Roughly 50% of respondents gave a general english interpretation of the “significant” results (options 1 or 2), roughly 40% chose one of the other three wrong responses (options 4, 5, or 6), and less than 10% actually chose the correct answer (option 3). Even if they were totally guessing you’d expect them to get close to 17% correct (1/6), give or take.

But perhaps multiple choice format isn’t the best way to get at this, since the prompt itself provides many answers that sound perfectly reasonable. Tromovitch also asked this as an open-ended question to see what kind of responses people would generate themselves. One variant of the prompt explicitly mentions that he wants to know about statistical significance, while the other simply mentions significance. The exact wording was this:

Scientists sometimes conclude that the finding in their study is “[statistically] significant.” If you were updating a dictionary of modern American English, how would you define the term “[statistically] significant”?

Did respondents do any better when they can answer freely? Not at all. Neither prompt had a very high success rate; they had correct response rates at roughly 4% and 1%. This translates to literally 12 correct answers out of the total 492 respondents of both prompts combined (including phd responses). Tromovitch includes all of these responses in the appendix so you can read the kinds of answers that were given and considered to be correct.

If you take a look at the responses you’ll see that most of them imply some statement about the probability of one hypothesis or the other being true, which isn’t allowed by the correct definition of statistical significance! For example, one answer coded as correct said, “The likelihood that the result/findings are not due to chance and probably true” is blatantly incorrect. The probability that the results are not due to chance is not what statistical significance tells you at all. Most of the responses coded as “correct” by Tromovitch are quite vague, so it’s not clear that even those correct responders have a good handle on the concept. No wonder the general public looks at statistics as if they’re some hand-wavy magic. They don’t get it at all.

snape 2

My takeaway from this study is the title of this piece: the general public has no idea what statistical significance means. That’s not surprising when you consider that researchers themselves often don’t know what it means! Even professors who teach research methods and statistics get this wrong. Results from Haller & Krauss (2002), building off of Oakes (1986), suggest that it is normal for students, academic researchers, and even methodology instructors to endorse incorrect interpretations of p-values and significance tests. That’s pretty bad. It’s one thing for first-year students or the lay public to be confused, but educated academics and methodology instructors too? If you don’t buy the survey results, open up any journal issue in any psychology journal and you’ll find tons of examples of misinterpretation and confusion.

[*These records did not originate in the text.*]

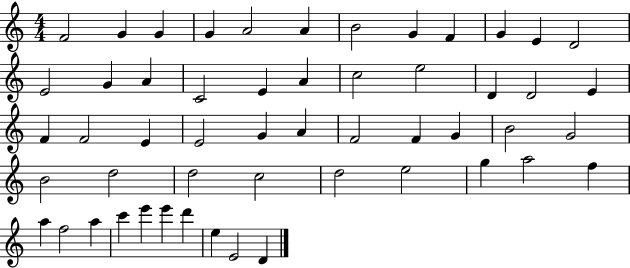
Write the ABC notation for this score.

X:1
T:Untitled
M:4/4
L:1/4
K:C
F2 G G G A2 A B2 G F G E D2 E2 G A C2 E A c2 e2 D D2 E F F2 E E2 G A F2 F G B2 G2 B2 d2 d2 c2 d2 e2 g a2 f a f2 a c' e' e' d' e E2 D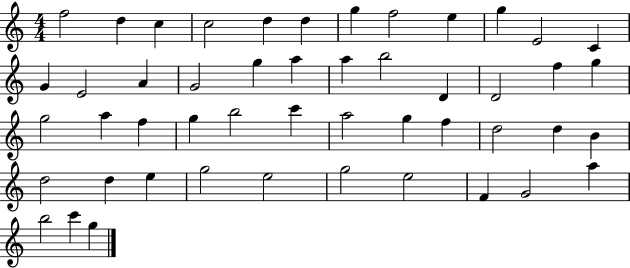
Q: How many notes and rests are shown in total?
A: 49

Recently Hoekstra, Morey, Rouder, & Wagenmakers (2014) demonstrated that confidence intervals are similarly misinterpreted by researchers, despite recent calls (Cumming, 2014) to totally abandon significance tests in lieu of confidence intervals. Perhaps we could toss out the whole lot and start over with something that actually makes sense? Maybe we could try teaching something that people can actually understand?

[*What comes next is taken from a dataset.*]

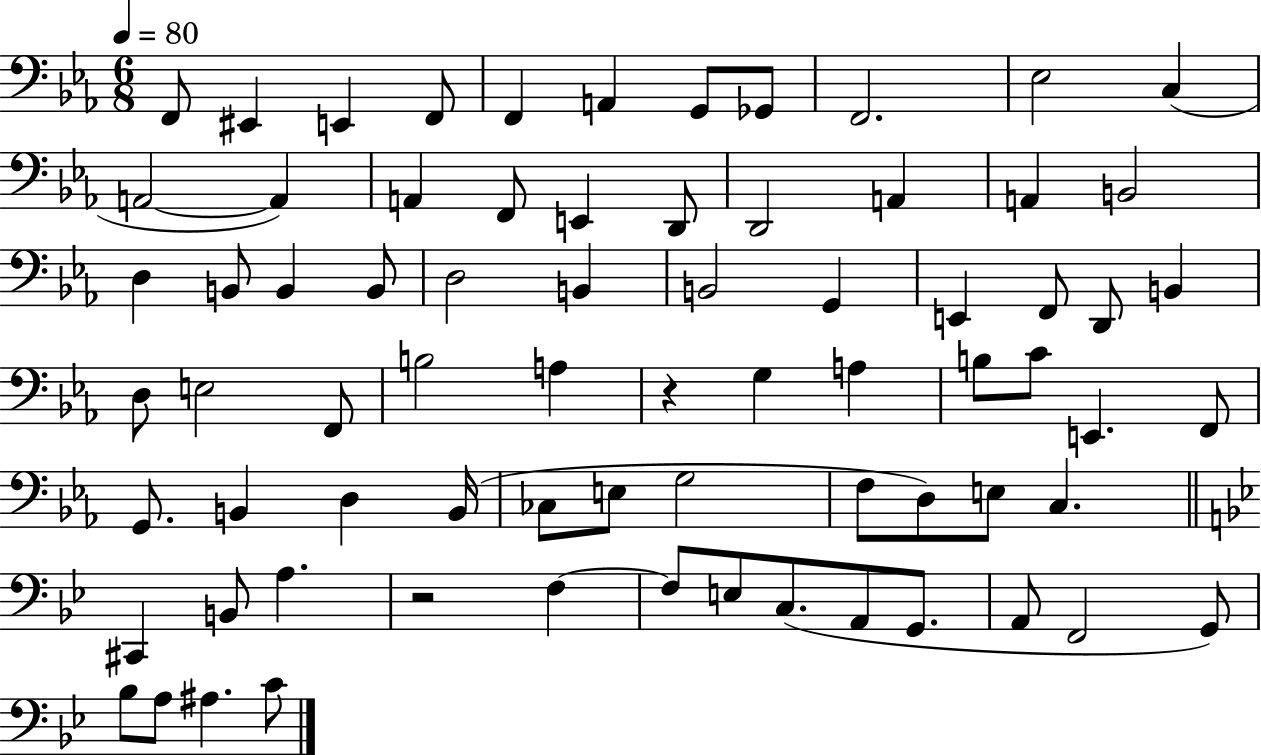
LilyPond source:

I’ve heard of this cool thing called Bayesian statistics we could try.

 

References

Cumming, G. (2014). The new statistics: Why and how. Psychological Science25(1), 7-29.

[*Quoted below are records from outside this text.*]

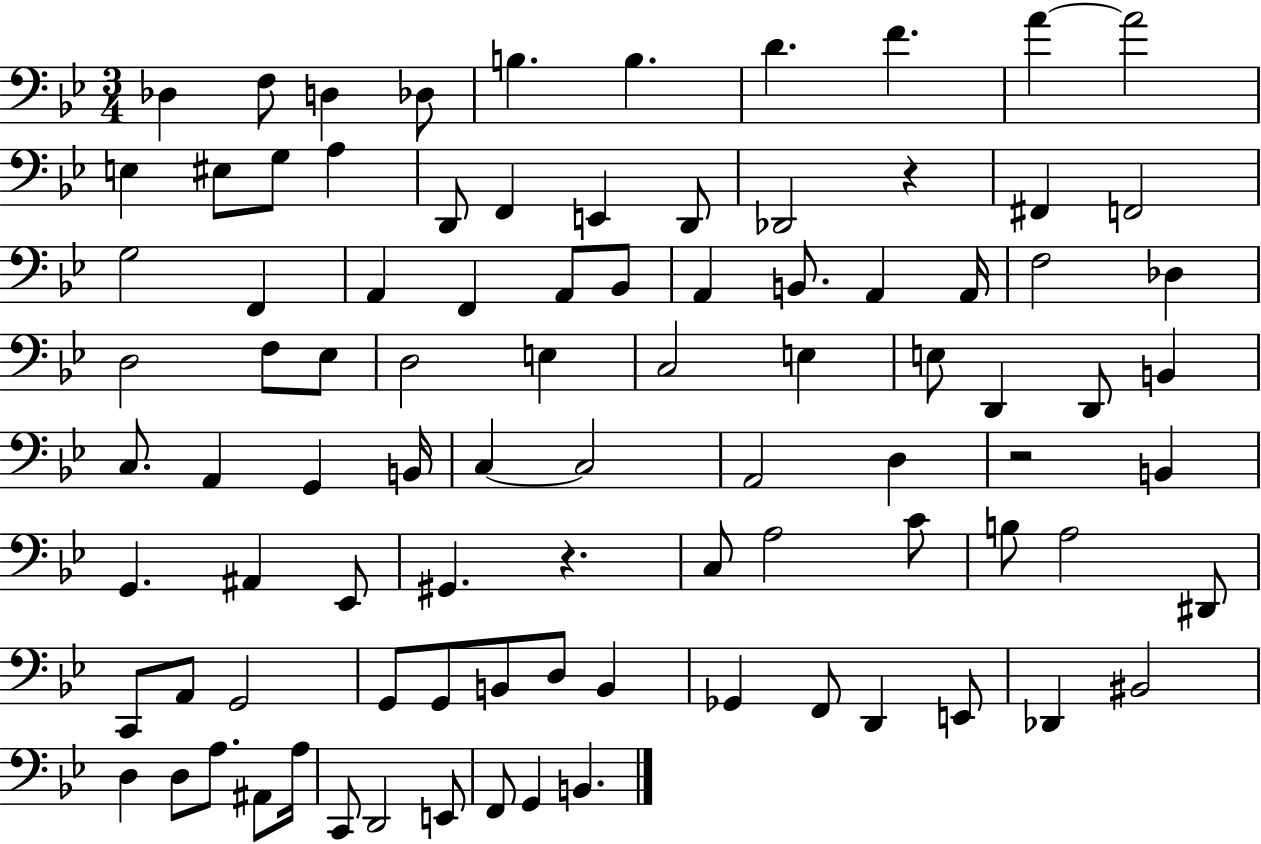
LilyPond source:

{
  \clef bass
  \numericTimeSignature
  \time 3/4
  \key bes \major
  des4 f8 d4 des8 | b4. b4. | d'4. f'4. | a'4~~ a'2 | \break e4 eis8 g8 a4 | d,8 f,4 e,4 d,8 | des,2 r4 | fis,4 f,2 | \break g2 f,4 | a,4 f,4 a,8 bes,8 | a,4 b,8. a,4 a,16 | f2 des4 | \break d2 f8 ees8 | d2 e4 | c2 e4 | e8 d,4 d,8 b,4 | \break c8. a,4 g,4 b,16 | c4~~ c2 | a,2 d4 | r2 b,4 | \break g,4. ais,4 ees,8 | gis,4. r4. | c8 a2 c'8 | b8 a2 dis,8 | \break c,8 a,8 g,2 | g,8 g,8 b,8 d8 b,4 | ges,4 f,8 d,4 e,8 | des,4 bis,2 | \break d4 d8 a8. ais,8 a16 | c,8 d,2 e,8 | f,8 g,4 b,4. | \bar "|."
}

Haller, H., & Krauss, S. (2002). Misinterpretations of significance: A problem students share with their teachers. Methods of Psychological Research, 7(1), 1-20.

Hoekstra, R., Morey, R. D., Rouder, J. N., & Wagenmakers, E. J. (2014). Robust misinterpretation of confidence intervals. Psychonomic Bulletin & Review, 21(5), 1157-1164.

Oakes, M. W. (1986). Statistical inference: A commentary for the social and behavioural sciences. Wiley.

Tromovitch, P. (2015). The lay public’s misinterpretation of the meaning of ‘significant’: A call for simple yet significant changes in scientific reporting. Journal of Research Practice, 1(1), 1.